The governing body, made up of all the countries that have ratified the treaty, will face great pressure from powerful rich countries seeking privatization of the resources taken from the common gene pool. And these same countries are the ones that should, in fact, be paying for the conservation programmes but, it seems, they will not do so unless their demands are accepted.

The future of agriculture depends on international cooperation and on the open exchange of the crops and their genes that farmers all over the world have developed and exchanged over 10,000 years. No country is sufficient in itself. All depend on crops and the genetic diversity within these crops from other countries and regions.

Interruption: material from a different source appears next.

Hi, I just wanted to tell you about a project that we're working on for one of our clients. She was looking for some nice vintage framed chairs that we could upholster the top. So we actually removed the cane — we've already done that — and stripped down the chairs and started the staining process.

There are a number of issues that will require clarification by the governing body. These are:

1. Will the treaty allow new crop varieties or genes from food crops, if extracted, transformed or modified and included in new varieties, to be patented and have other intellectual property rights claims? If permitted this would facilitate removal of these vital genetic resources from the public domain. The spread of patented genes in the environment would undermine farmers' rights.

2. Will the Material Transfer Agreement (MTA) that has to be developed be equitable and protect crop genetic resources from privatization?

3. Will the treaty be recognized as the competent authority to deal with plant genetic resources for food and agriculture by the World Trade Organisation and especially its Agreement on Trade Related aspects of Intellectual Property Rights (TRIPs) with respect to these resources?

4. Will the treaty provide benefits and funding commensurate with the contribution that farmers have made over past centuries to the development of the diversity of crops?

5. Will the treaty's governing body insist on full international recognition of farmers' rights?